Photos by Steve C. Wilson/AP
An ambitious director might look at Mitch Halligan’s property and see an instant B-movie classic: “Invasion of the Grasshoppers.”
The place is overrun with the greasy little bugs. With each step you take on his property, the squirmy inch-long grasshoppers jump for cover in every direction. Those that don’t crunch under foot perch themselves atop tall grass stalks, crawl up pant legs or munch through gardens.
Across the road isn’t much better. Grasshoppers blanketed the neighbors’ entryway a few days ago and forced them to come in through the back door.
“I’d call this the closest that I’ve seen to a plague in a long time,” Mr. Halligan said.
Grasshoppers are regular summer visitors and a perennial crop-eating pest for farmers, but this year’s invasion in Tooele County west of Salt Lake City is worse than anyone can remember.
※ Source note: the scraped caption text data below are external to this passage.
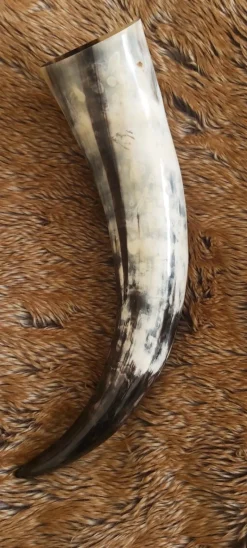 Cheap Leonardo Carbone Wikinger Trinkhorn "Odin" - ca. Fassungsvermögen 1,5 Liter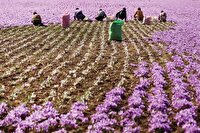 کشاورزی دانش‌بنیان در دل کویر ایران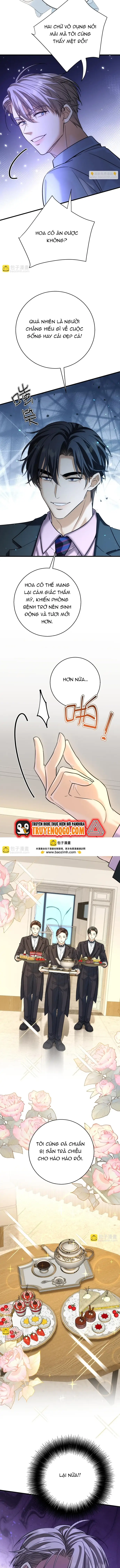 Vô Tình Kết Hôn Với Tổng Tài - Chapter 37 - Page 6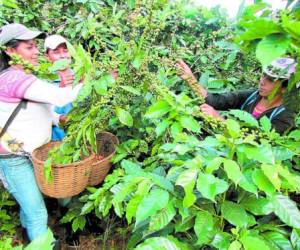 Se busca fortalecer el rubro del café en la región centroamericana.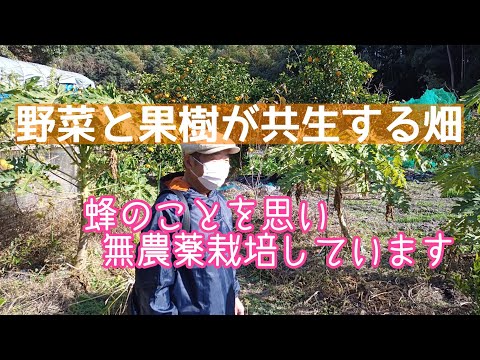 果樹と野菜が一緒に無農薬で育つ畑／採集生活と農耕生活の融合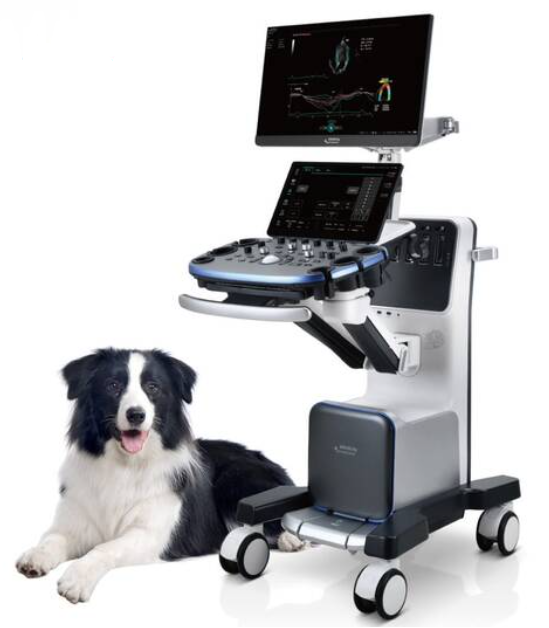 УЗД апарат для тварин Vetus 9 Gold Mindray Animal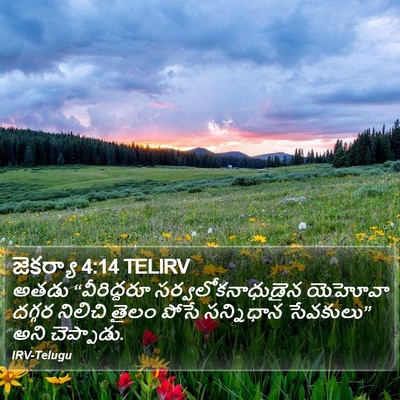 జెకర్యా 4:14 TELIRV Bible Verse Image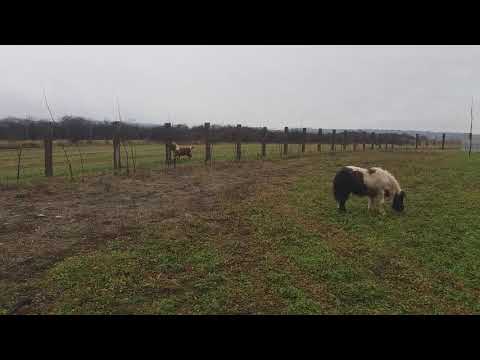 spike ponei s-a vandut (Ștefan)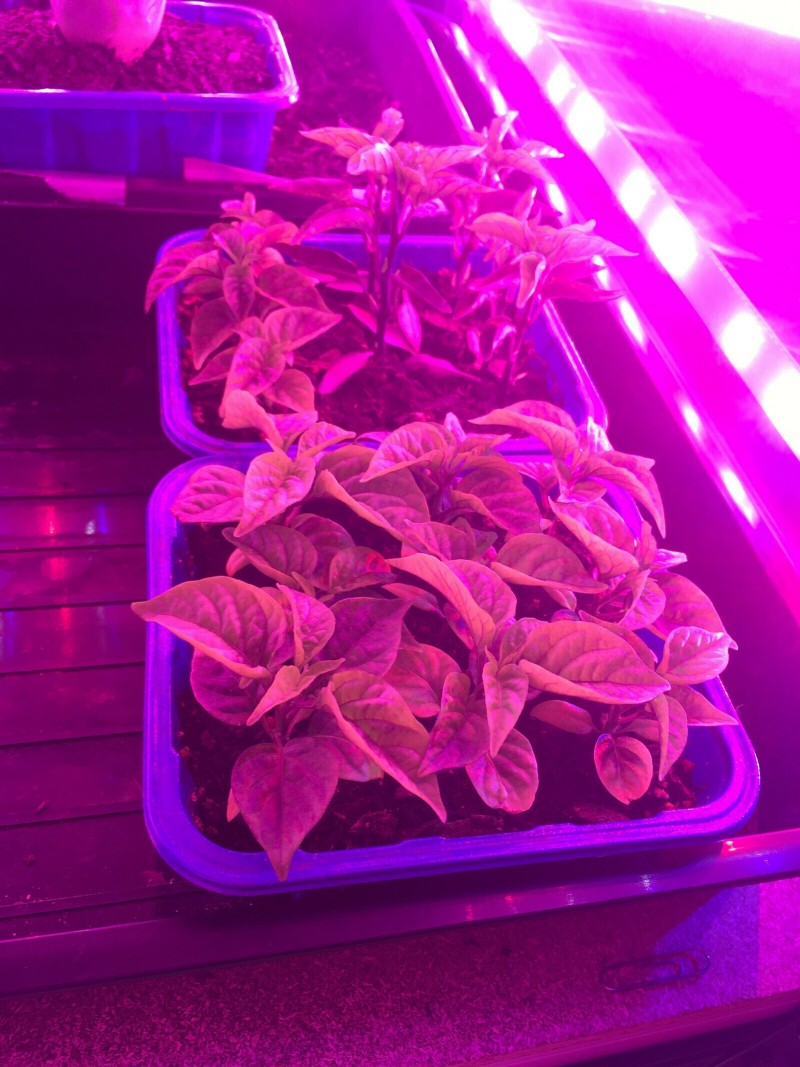 FC1FC264-3D09-4A12-8FC6-8091DC876991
Tooele County commissioners have been swamped with calls about grasshoppers, particularly by people living next to undeveloped land where grasshoppers hatch --sometimes up to 2,000 per square foot.
“There’s like 100 times more grasshoppers than what we’re used to,” said Bruce Clegg, a county commissioner whose family has lived in the area for generations.
Many of the culprits this year are clear-winged grasshoppers, which began hatching several weeks ago and have moved like an unyielding wave across the parts of the landscape ever since.